Con il ricorso in cassazione l’imputato ha riproposto gli stessi argomenti che erano stati già disattesi in appello. Come prima motivazione lo stesso ha sostenuto che, contrariamente a quanto affermato dai giudici di merito, il rischio di schiacciamento e intrappolamento, era stato oggetto di una puntuale disamina nel documento unico di valutazione dei rischi interferenziali, ossia quelli relativi alle attività terziarizzate. In tale documento, ha fatto presente lo stesso, sotto forma di allegato a ciascun contratto di appalto, ivi compreso quello intercorso con la ditta per conto della quale lavorava l'operaio infortunato, erano comunicati all'appaltatore rischi presenti nei reparti di produzione, tra cui quello conseguente ad intrappolamento, e si imponeva a ciascuno di coordinarsi con il responsabile del reparto e del settore interessato. Con il secondo motivo il ricorrente ha riproposto la tesi della interruzione del nesso causale riconducendo l'evento alla improvvida ed eccezionale condotta del proprio dipendente.
Diritto
Il ricorso è stato ritenuto dalla Corte di Cassazione manifestamente infondato.
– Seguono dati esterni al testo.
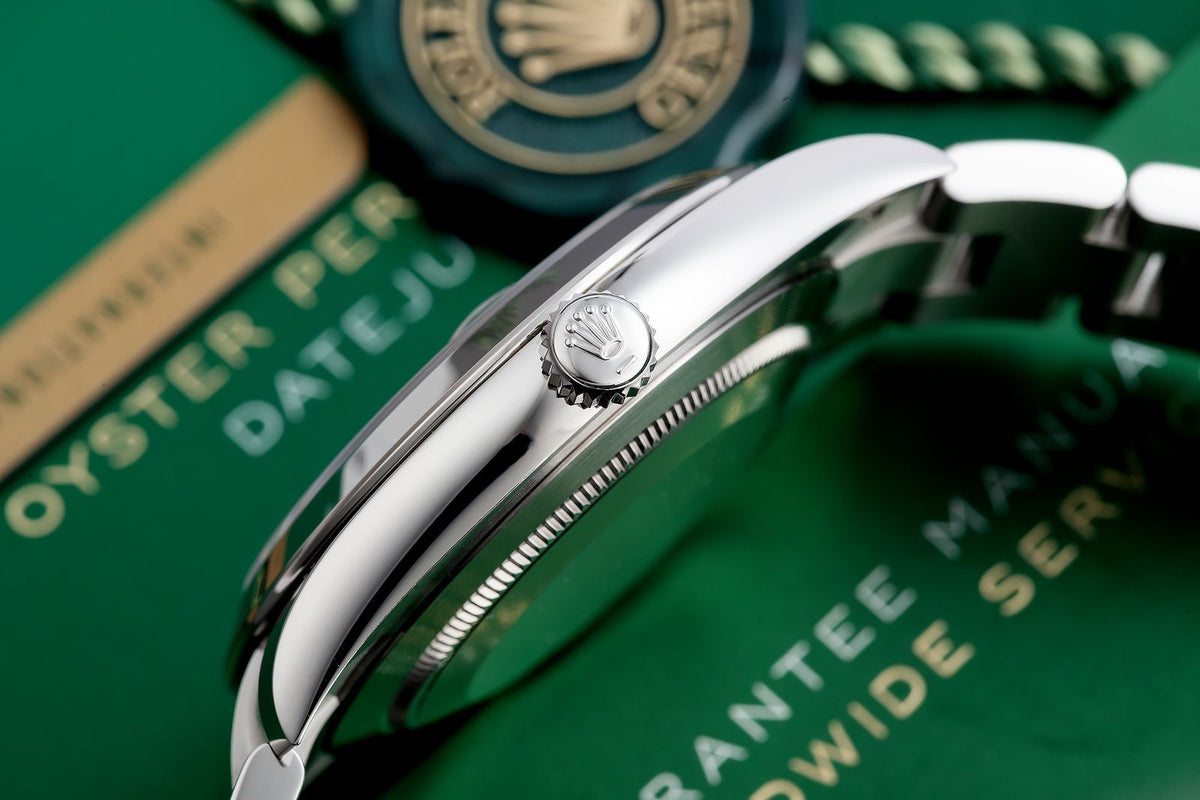 Rol.ex Datejust 41 126300 'Wimbledon' Stainless Steel Slate Dial Oyster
La stessa ha fatto presente che la tesi difensiva proposta dal ricorrente è inaccoglibile in sede di legittimità risolvendosi la stessa nella riproposizione di un dissenso sulla valutazione del compendio indiziario già pertinentemente valutato nella sede di merito, e ha evidenziato altresì che la richiesta fatta alla stessa di esprimersi sulla idoneità o meno delle misure precauzionali adottate era improponibile in quanto tale idoneità era stata ampiamente e incensurabilmente esaminata nei primi gradi di giudizio.
La Sez. IV quindi, con riferimento al tema dell'interruzione del nesso causale, ha precisato che vale il principio, correttamente applicato nel caso in esame, secondo cui “ai fini dell'apprezzamento dell'eventuale interruzione del nesso causale tra la condotta e l'evento (articolo 41, comma secondo, cod. pen.), il comportamento successivo può avere valenza ‘interruttlva’ non perché ‘eccezionale’, ma perché ‘eccentrico rispetto al rischio’ che il garante è chiamato a governare”. “In effetti”, ha così proseguito la suprema Corte, “tale eccentricità potrà rendere in qualche caso (ma non necessariamente) statisticamente eccezionale il comportamento, ma ciò è una conseguenza accidentale, in quanto l'effetto interruttivo può e deve essere individuato in qualsiasi circostanza che introduca un rischio nuovo o comunque radicalmente esorbitante rispetto a quelli che, appunto, il garante è chiamato a governare”.
La Corte di Appello si è mossa quindi, secondo la suprema Corte, in modo aderente al principio sopra indicato evidenziando come il comportamento del dipendente dell'imputato, per quanto colpevole, si è sviluppato nell'ambito delle mansioni conferitegli, non potendo assurgere a causa eccezionale dell'evento, la cui concorrente causa doveva individuarsi proprio nelle carenze organizzative oggetto di contestazione all’imputato.
Il ricorso è stato quindi dichiarato inammissibile e addebitabile a colpa del ricorrente per cui la Corte di Cassazione (Corte Cost., sent. 7¬13 giugno 2000, n. 186), ha condannato il ricorrente al pagamento, oltre che delle spese processuali, anche di una somma di 1.000 euro in favore della cassa delle ammende.